- **Data to use**

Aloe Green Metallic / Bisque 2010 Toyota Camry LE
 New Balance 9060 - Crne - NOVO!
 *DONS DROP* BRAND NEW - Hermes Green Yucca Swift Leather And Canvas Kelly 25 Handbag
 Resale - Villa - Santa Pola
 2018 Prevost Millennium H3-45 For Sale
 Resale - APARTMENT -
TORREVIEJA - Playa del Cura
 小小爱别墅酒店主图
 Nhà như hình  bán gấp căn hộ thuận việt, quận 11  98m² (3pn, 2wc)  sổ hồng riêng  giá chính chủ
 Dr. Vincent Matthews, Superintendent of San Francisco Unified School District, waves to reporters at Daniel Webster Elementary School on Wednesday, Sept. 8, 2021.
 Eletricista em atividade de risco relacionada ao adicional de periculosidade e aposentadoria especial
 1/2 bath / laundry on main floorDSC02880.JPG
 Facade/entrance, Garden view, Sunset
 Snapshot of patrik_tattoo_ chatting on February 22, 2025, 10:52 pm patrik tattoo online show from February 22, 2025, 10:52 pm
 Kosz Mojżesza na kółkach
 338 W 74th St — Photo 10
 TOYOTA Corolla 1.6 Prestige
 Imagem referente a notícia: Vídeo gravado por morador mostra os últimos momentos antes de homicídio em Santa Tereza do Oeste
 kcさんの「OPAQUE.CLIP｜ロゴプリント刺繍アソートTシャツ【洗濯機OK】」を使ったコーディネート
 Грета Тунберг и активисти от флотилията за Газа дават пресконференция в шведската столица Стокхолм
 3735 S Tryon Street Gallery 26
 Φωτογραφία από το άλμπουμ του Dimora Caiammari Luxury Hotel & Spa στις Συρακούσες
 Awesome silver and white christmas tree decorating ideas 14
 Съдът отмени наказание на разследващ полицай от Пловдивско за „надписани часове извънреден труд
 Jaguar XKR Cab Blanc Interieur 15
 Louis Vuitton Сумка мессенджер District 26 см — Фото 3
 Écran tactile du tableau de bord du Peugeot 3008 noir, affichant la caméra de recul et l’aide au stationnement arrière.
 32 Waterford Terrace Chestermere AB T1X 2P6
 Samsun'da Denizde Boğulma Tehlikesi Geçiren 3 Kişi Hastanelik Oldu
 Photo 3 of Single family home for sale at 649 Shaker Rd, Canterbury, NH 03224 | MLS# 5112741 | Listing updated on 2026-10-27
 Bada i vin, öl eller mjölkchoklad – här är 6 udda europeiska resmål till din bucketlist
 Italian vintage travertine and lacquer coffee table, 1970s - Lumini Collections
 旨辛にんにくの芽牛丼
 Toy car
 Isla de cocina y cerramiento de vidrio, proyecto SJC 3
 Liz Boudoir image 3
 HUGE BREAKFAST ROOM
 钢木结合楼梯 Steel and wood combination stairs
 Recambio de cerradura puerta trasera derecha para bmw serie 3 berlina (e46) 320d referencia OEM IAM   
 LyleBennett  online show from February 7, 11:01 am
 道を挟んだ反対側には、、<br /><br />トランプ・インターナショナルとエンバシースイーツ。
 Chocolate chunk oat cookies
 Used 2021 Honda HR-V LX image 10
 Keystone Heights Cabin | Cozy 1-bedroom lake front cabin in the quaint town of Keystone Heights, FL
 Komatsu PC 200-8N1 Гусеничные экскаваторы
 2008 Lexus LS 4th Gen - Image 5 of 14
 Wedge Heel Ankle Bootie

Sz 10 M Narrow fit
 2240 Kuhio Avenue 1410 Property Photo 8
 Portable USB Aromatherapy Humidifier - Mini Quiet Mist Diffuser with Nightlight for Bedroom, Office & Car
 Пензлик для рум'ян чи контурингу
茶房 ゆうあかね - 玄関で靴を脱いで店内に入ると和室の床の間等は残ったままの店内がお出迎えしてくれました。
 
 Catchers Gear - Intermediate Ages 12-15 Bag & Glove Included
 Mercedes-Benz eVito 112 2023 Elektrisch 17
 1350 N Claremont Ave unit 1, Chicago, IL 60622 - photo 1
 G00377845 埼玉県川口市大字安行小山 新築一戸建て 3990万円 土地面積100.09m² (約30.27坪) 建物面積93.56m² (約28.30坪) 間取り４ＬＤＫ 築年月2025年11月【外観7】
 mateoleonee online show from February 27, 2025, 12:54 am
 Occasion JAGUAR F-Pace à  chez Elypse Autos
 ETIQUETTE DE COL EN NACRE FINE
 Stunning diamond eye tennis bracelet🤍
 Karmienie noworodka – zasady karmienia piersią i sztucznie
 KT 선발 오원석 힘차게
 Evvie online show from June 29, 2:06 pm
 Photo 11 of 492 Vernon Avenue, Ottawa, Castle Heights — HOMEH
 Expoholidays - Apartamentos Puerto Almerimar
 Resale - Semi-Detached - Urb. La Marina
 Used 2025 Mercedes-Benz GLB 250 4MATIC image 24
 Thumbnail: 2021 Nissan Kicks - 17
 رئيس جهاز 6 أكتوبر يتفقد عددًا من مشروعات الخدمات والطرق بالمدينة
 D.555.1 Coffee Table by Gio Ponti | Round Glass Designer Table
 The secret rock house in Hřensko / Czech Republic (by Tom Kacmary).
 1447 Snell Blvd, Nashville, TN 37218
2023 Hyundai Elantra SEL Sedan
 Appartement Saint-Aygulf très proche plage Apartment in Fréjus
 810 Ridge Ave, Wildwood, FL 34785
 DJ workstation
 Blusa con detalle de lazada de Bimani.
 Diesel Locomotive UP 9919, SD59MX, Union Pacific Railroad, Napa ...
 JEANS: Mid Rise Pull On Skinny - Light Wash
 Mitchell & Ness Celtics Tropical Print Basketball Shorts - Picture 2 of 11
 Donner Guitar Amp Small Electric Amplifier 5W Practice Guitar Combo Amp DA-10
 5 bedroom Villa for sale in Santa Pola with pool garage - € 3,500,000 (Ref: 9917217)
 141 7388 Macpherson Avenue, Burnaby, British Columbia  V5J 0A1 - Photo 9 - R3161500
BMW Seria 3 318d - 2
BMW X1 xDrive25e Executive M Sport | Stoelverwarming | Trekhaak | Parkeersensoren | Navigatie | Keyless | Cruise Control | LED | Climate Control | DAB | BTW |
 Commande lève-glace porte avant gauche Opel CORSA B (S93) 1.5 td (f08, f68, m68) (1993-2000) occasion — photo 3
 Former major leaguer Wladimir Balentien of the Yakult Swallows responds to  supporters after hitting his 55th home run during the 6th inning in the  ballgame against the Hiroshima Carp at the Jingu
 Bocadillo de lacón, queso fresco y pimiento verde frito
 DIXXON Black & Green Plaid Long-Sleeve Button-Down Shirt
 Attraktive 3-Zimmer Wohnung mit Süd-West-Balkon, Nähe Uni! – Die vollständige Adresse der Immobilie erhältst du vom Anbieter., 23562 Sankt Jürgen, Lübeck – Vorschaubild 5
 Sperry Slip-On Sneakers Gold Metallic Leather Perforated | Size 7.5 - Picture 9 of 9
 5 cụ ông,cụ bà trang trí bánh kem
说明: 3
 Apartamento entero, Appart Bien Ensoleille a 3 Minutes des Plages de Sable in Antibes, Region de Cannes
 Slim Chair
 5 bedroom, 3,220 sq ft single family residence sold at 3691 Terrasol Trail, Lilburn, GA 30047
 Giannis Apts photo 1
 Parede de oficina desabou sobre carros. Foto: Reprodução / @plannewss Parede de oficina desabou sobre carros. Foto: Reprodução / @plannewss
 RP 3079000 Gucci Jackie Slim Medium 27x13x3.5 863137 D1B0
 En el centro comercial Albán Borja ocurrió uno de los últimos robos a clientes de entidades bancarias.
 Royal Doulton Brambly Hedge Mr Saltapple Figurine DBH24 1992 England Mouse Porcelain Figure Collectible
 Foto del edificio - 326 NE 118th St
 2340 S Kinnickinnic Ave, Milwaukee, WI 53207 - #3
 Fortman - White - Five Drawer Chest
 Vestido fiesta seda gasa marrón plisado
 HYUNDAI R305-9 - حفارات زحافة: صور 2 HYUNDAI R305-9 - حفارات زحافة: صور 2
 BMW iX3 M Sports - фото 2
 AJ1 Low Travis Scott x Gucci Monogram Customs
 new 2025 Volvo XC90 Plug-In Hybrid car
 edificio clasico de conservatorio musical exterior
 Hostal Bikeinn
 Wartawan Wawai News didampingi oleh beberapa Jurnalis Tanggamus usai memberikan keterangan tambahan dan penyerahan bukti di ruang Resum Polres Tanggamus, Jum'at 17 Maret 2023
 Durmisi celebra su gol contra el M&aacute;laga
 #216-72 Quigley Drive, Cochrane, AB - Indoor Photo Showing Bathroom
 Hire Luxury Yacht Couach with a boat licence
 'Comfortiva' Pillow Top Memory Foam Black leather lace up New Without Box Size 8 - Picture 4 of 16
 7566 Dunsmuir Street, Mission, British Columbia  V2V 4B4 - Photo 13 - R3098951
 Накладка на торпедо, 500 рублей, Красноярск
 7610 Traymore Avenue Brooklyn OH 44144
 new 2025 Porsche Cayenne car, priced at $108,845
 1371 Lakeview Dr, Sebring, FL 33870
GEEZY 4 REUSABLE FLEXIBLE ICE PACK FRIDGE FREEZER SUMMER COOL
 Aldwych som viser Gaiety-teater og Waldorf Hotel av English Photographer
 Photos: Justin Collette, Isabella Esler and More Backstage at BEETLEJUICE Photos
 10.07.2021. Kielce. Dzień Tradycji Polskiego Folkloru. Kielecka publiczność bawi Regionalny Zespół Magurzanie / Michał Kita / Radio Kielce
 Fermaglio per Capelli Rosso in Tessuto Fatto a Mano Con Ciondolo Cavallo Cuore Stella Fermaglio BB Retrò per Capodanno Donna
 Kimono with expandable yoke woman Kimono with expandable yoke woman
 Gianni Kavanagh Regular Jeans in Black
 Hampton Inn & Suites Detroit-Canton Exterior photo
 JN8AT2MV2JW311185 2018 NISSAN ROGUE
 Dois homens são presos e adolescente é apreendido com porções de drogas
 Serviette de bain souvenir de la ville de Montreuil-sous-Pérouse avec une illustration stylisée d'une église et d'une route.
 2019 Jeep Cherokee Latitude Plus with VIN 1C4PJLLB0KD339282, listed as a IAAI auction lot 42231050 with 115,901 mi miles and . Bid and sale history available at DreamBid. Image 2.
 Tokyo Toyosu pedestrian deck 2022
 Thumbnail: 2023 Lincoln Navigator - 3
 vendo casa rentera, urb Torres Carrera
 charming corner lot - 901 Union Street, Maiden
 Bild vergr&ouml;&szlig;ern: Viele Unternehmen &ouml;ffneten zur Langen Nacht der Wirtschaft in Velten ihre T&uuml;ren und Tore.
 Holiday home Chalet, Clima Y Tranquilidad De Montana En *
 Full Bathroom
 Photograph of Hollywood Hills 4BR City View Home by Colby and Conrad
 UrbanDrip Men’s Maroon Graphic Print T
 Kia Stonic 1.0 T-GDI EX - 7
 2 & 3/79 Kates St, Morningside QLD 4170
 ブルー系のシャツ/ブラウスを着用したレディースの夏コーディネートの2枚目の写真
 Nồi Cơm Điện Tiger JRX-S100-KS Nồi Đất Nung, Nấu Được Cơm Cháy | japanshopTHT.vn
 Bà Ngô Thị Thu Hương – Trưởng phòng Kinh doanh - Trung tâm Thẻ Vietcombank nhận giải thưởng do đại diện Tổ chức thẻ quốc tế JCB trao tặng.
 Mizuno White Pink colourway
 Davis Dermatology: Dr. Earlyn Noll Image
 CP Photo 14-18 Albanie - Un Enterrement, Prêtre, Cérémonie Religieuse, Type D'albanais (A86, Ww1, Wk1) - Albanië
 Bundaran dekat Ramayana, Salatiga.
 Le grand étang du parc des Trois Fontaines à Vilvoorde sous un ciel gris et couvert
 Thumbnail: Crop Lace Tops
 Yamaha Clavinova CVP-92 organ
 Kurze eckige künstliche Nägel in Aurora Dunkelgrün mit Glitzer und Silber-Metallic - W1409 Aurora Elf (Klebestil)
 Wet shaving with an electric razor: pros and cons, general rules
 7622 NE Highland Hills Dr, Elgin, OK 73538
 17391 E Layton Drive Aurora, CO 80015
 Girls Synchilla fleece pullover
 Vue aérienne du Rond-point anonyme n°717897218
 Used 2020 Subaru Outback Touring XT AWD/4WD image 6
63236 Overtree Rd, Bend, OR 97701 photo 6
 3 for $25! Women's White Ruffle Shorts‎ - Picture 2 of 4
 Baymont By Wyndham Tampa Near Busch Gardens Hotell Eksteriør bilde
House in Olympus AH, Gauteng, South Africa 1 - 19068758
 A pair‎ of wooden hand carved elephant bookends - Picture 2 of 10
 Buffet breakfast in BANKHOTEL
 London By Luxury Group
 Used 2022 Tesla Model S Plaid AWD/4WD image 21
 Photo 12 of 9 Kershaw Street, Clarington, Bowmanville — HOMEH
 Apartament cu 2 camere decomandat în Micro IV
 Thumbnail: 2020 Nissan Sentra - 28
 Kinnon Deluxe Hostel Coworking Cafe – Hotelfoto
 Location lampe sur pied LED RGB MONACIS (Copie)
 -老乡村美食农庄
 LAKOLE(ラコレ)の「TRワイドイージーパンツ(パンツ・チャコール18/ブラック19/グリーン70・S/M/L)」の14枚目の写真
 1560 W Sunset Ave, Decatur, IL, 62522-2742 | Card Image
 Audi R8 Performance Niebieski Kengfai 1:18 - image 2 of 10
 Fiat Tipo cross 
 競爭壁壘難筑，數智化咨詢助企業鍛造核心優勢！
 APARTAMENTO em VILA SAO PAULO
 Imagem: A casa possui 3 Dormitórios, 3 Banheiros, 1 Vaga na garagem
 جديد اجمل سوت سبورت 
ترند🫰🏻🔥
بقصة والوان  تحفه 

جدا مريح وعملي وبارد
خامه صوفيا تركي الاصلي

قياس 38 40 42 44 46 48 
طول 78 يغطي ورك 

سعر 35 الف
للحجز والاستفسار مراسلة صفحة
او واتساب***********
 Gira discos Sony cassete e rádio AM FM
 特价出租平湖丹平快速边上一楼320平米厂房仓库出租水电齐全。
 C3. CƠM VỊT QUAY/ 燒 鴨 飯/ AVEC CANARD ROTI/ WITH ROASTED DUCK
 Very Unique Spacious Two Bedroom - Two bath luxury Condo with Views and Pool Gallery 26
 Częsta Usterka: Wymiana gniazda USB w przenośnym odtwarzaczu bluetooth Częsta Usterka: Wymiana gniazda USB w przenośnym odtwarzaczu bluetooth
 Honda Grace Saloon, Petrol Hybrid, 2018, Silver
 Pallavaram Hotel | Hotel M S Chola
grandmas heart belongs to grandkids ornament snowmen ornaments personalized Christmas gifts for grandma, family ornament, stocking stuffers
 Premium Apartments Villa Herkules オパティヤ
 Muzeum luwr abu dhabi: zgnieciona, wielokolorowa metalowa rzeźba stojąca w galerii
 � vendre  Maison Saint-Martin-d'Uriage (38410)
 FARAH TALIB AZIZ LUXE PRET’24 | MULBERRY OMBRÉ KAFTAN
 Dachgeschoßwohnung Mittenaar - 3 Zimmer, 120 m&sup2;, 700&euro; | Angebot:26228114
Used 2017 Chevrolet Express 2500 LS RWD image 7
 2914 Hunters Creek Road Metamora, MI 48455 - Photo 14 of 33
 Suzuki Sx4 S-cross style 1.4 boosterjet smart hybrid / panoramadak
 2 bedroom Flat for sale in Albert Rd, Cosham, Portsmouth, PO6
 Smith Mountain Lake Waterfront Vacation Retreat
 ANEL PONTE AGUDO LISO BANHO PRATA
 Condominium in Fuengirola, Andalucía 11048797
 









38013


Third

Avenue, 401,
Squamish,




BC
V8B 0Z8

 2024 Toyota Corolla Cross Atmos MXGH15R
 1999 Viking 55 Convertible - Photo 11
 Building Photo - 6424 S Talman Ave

- **Exercise requirements**
Show each line of the data that contains the string "Used".

- **The answer**
 Used 2021 Honda HR-V LX image 10
 Used 2025 Mercedes-Benz GLB 250 4MATIC image 24
 Used 2020 Subaru Outback Touring XT AWD/4WD image 6
 Used 2022 Tesla Model S Plaid AWD/4WD image 21
Used 2017 Chevrolet Express 2500 LS RWD image 7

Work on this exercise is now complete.